In 528, Yuan Ziyou, posthumously known as Emperor Xiaozhuang, ascended the throne and appointed Yu Jin as General Who Guards Distant Lands, but he was soon transferred to the imperial court. He then followed the Grand Chancellor, Yuan Tianmu in pacifying Ge Rong and Xing Gao that same year.

Between 529 and 530, Yu Jin served as a lieutenant under Erzhu Tianguang in his campaign against the rebel, Wanqi Chounu in the Guanzhong region, and after Chounu's defeat, he was enfeoffed as the Earl of Shicheng County. In 531, he accompanied Tianguang in suppressing the rebellion of Suqin Mingda, and later defeated the bandit He Suiyoufa (賀遂有伐) and others in Xia province.

=== Joining Yuwen Tai and moving the capital westward ===
In late 531, Erzhu Tianguang and his family converged to fight the rebel general, Gao Huan in Hebei. Yu Jin accompanied him in the campaign, but after the Erzhu forces were routed at the Battle of Hanling, he occupied Tong Pass and defected to the general, Heba Yue. Heba Yue petitioned to retain Yu Jin as a border commander, appointing him General of the Guards and Administrator of Xingyang. In 533, after Yuwen Tai was made the Inspector of Xia province by Heba Yue, Yu Jin was assigned by Yuwen as the Grand Chief Controller of Fancheng while concurrently serving as the Chief Clerk of Xia.

In 534, Heba Yue was assassinated and Yuwen Tai moved to Pingliang to assume leadership over the generals in the Guanzhong. At the time, Emperor Xiaowu of Wei was in Luoyang, where he was at odds with Gao Huan, now the paramount general of the empire. Therefore, Yu Jin advised Yuwen to seize the moment and said:
The Guanzhong was the heart of the Qin and Han dynasties and known by the ancients as the land of abundance.

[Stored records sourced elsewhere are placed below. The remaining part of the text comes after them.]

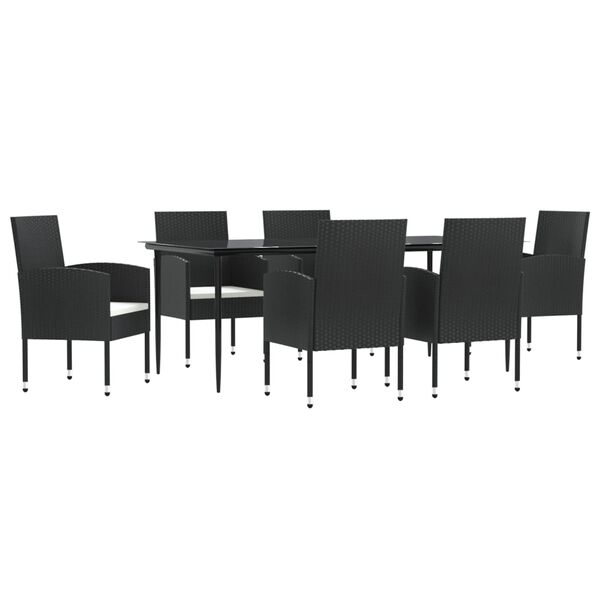 vidaXL Garden Dining Set Black, Cream White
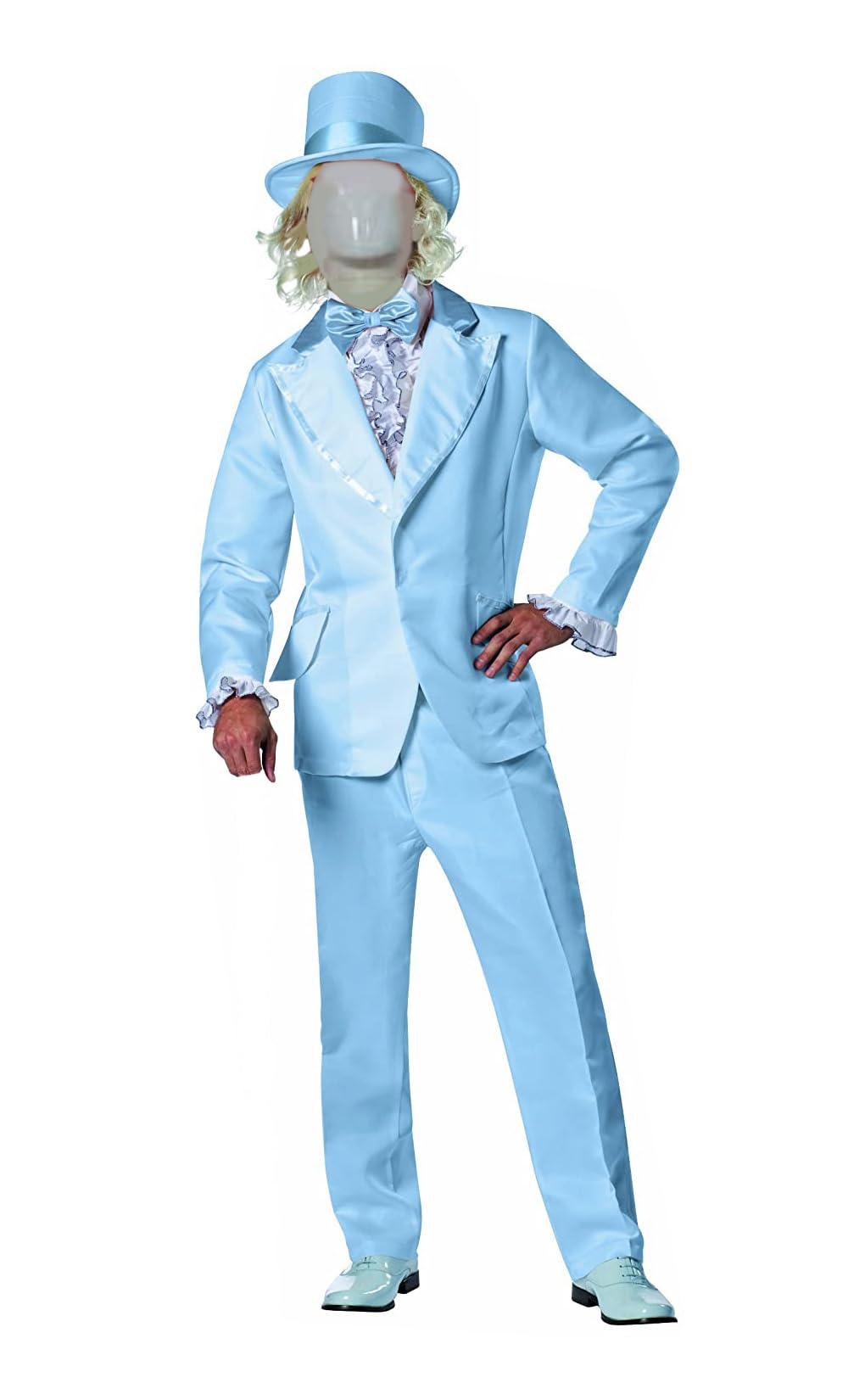 MJPARTY Mens 1990s Tuxedo Blue Fancy Dress Costume Adult Tuxedo Suit 90s Movie Outfit With Wig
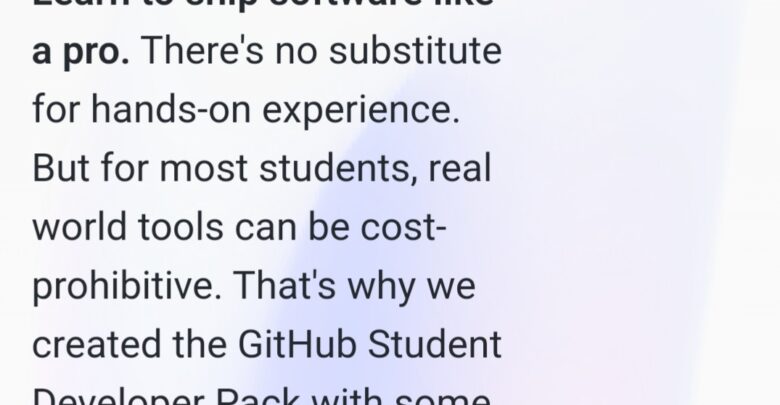 Sign up page for GitHub Student pack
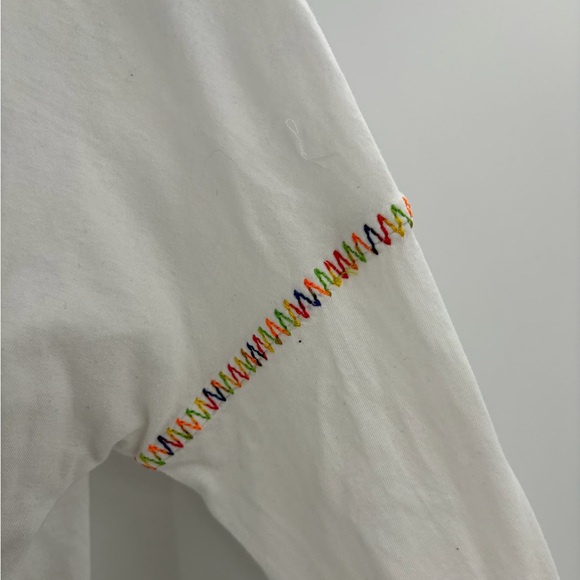 Lisa Todd white Top preppy Comfort cotton snitched long sleeve size small - Picture 6 of 13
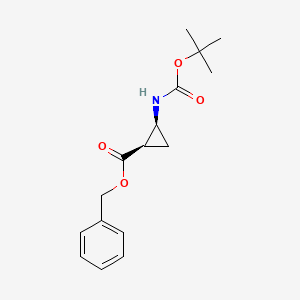 molecular formula C16H21NO4 B11753432 benzyl (1R,2S)-2-{[(tert-butoxy)carbonyl]amino}cyclopropane-1-carboxylate 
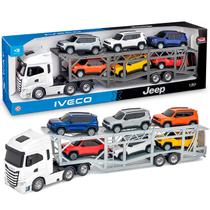Brinquedo Caminhão Iveco S-way Cegonha Com 6 Jeep Renegade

Its soldiers are braves and its lands are fertile. To the west lies the bountiful region of Ba–Shu, while to the north is the boon of horses and sheep. Now if we seize the strategic passes, gather the heroes, train the troops and encourage the farmers, then we will be in a position to observe the changing times. Furthermore, the Emperor at Luoyang is under threat by the bandits. My Lord, if you are truly sincere and consider the advantages and disadvantages of the current situation, then you would request for the capital to be moved to the Guanzhong; the Emperor will undoubtedly be more than happy to move westward. Then, once the Emperor is in your grasp, you may command the feudal lords and quell the tyranny and rebellion by imperial decree. The achievements of Huan and Wen can only come once in a millennium.
Yuwen agreed with Yu Jin's proposal. Coincidentally, Yu Jin was summoned by Xiaowu to Luoyang to take up a post, giving him the opportunity to share his plans and receive the emperor's approval. The plan was soon discovered by Gao Huan, who then led an army to Luoyang, forcing Xiaowu and Yu Jin to flee west. Yu Jin later followed Yuwen Tai to attack Tong Pass and captured Huiluo city (回洛城; in present-day Mengjin, Henan). For his deeds, Yu Jin was ordered to hold tally, granted equal privileges of the Three Excellencies and appointed General of Chariots and Cavalry and Inspector of Northern Yong province. His peerage was also promoted to the Duke of Lantian.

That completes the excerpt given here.